Is man defined by his sense of spirituality? If a species has taboos, rituals, or ju-jus, is it human? Or is he defined by his relationship to nature? If he's one with it, and does not question or fear it, is he beast? If he's four-handed, is he beast? If he walks upright, is he man? Shall we define him as beast so we can have him work in our mills, or as man because that would be slavery?

There are a few women in the story that are very interesting. All are intelligent and individual, but also (like the men) representative of 'types' that the author wanted to explore with the reader. Not stereotypes, mind you, but each with her own pov. I found them, actually, to be more interesting than the men.

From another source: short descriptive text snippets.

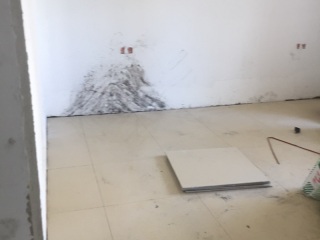 地砖铺贴及地面找平施作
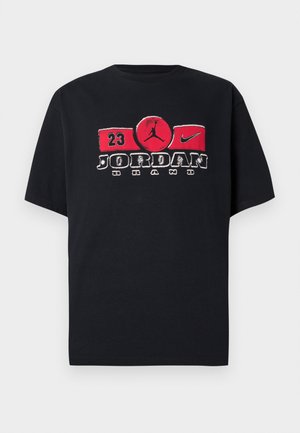 T-shirt en coton noir avec un motif graphique à l'avant comprenant des accents rouges, dont le "23", un logo Jumpman, et le texte "JORDAN BRAND". Col rond.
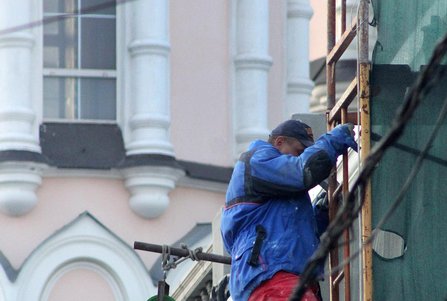 В Одессе начата реставрация старинного дома на Привокзальной площади (фоторепортаж)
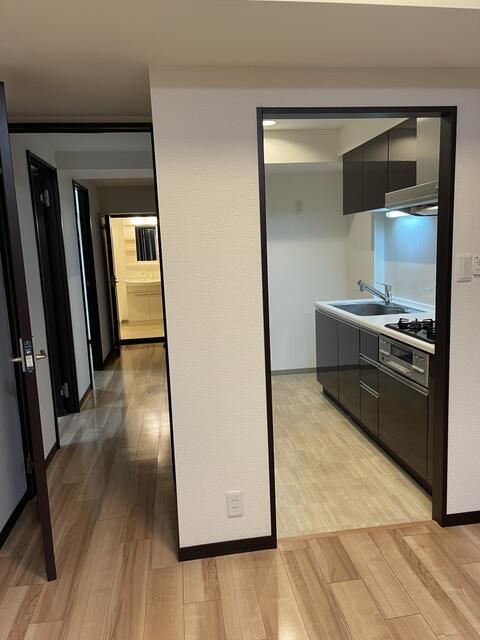3LDK Apartment for Sale in Nishi-Kamata, Ota-ku, Tokyo - Thumbnail 2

Reads, in tone and British pov, as if decades older than 1953. Many of the concepts and debates are relevant today. Recommended if you like SF for the Ideas, for the Sense of Wonder. ( )
  Cheryl_in_CC_NV | Jun 6, 2016 |
An unusual book about the 'missing link' creature and what its discovery-- as a living species-- could do to soceity. Raises interesting questions about the meaning of life/us/etc, like it was intended to-- but sometimes these questions overwhelm the rest of the story. No one is very fully characterised, characters are sort of slapped around and treated as tools to introduce important questions (there's no closure for any of them but the main two), and the translation is very spotty.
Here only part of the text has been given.